How clever of our theological forefathers to establish, in our church year, respectably long waiting periods [Advent & Lent] before the two most important holy days all year! They aren’t specified in the Bible, but how important they are in giving us breathing room to prepare our hearts and souls for the arrival, then the crucifixion, of our Savior. This Advent invites—nay, beckons—us to even more wonder of the miracle of Christmas. Fret not: NOBODY nor NOTHING—not even commercialism in all its forms—can take Christ out of Christmas. We won’t let them!

What about Epiphany?

The Rev. Tom Ehrich writes: “Faith has hopes and dreams, but faith has no control.
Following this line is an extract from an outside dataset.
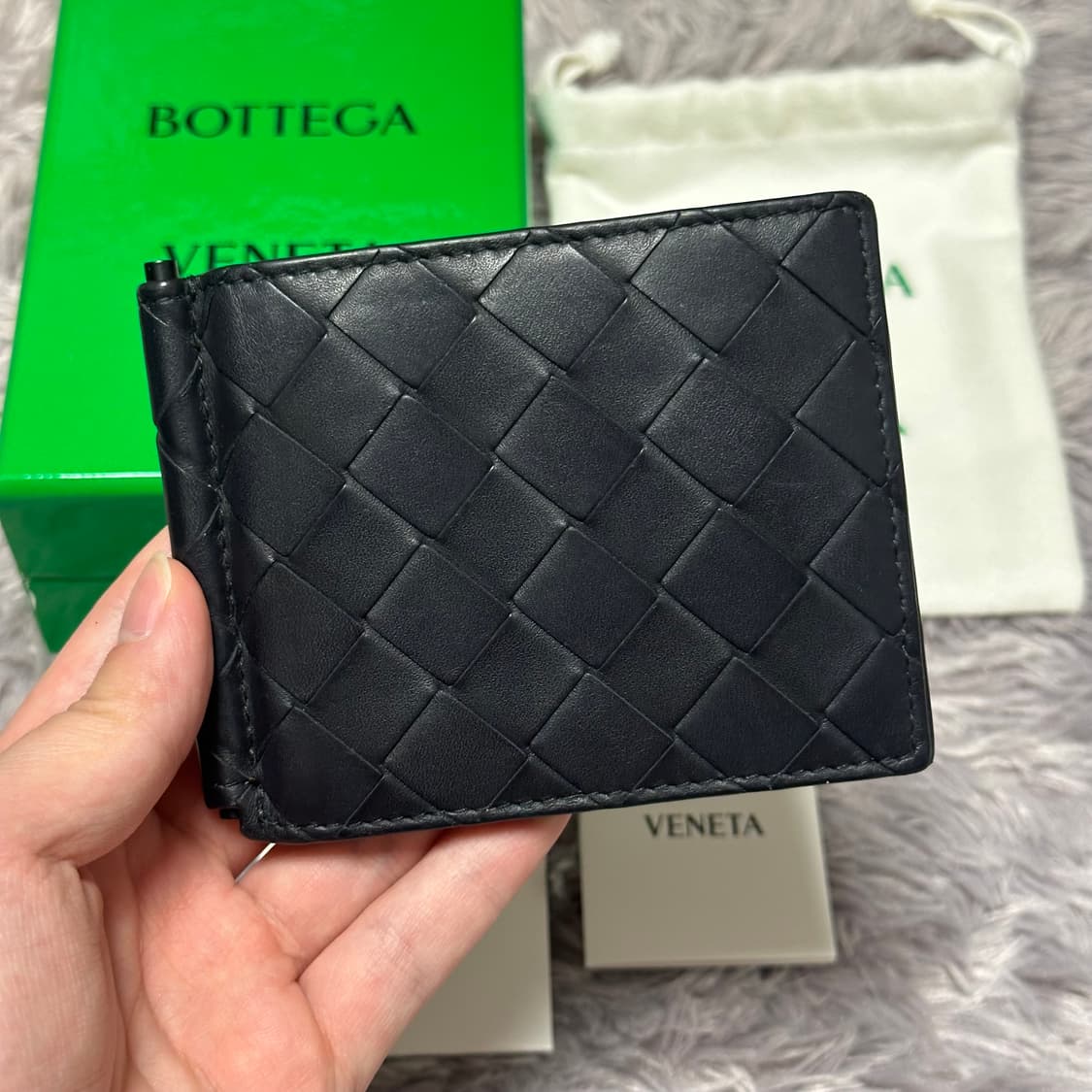 [풀구성] 보테가베네타 인트레치아토 머니클립 반지갑 블랙 신형 상품이미지1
Even the most ancient act of control—the naming of people and the naming of the created order—merely gives labels to things that will spin out of control.” In the face of that, do we dare to announce our faith by celebrating a whole season—Epiphany—dedicated to spreading the faith, proclaiming the good news? What good news? Not the birthing of a newborn in a barn, but his love and power when we the open our hearts to let him run our lives, an entirely different matter. Now that’s faith in spades! This is so huge, so important, that it leads naturally to telling others the good news, always and everywhere, not just a few weeks a year. Do we do this, or is Epiphany just another recurring ho-hum church season?

Dark Brown Feeling

A few decades ago I would often feel a particular emotional uncomfortable sensation which I described as “a dark brown feeling.” I had no clue how else to label it, nor what it meant; I only knew that I didn’t like it. I’ve since recognized this as an indicator of anxiety [which is always fear-based]. As the years passed and I began to appreciate how much God loves me personally, I noticed that I was experiencing many fewer dark brown episodes. When this became hard to ignore, I figured out why: if God REALLY loves me enough not only to die for me, but to have brought me through the challenges of a rocky life relatively unscathed, nothing anyone can say or do is anywhere near so important. I have NOTHING about which to be anxious! This was no ecclesiastical gobbledegook, but a real interiorization of the theological propositions which I’d been taught, but had only given lip service. Once this dawned on me, my life was forever changed!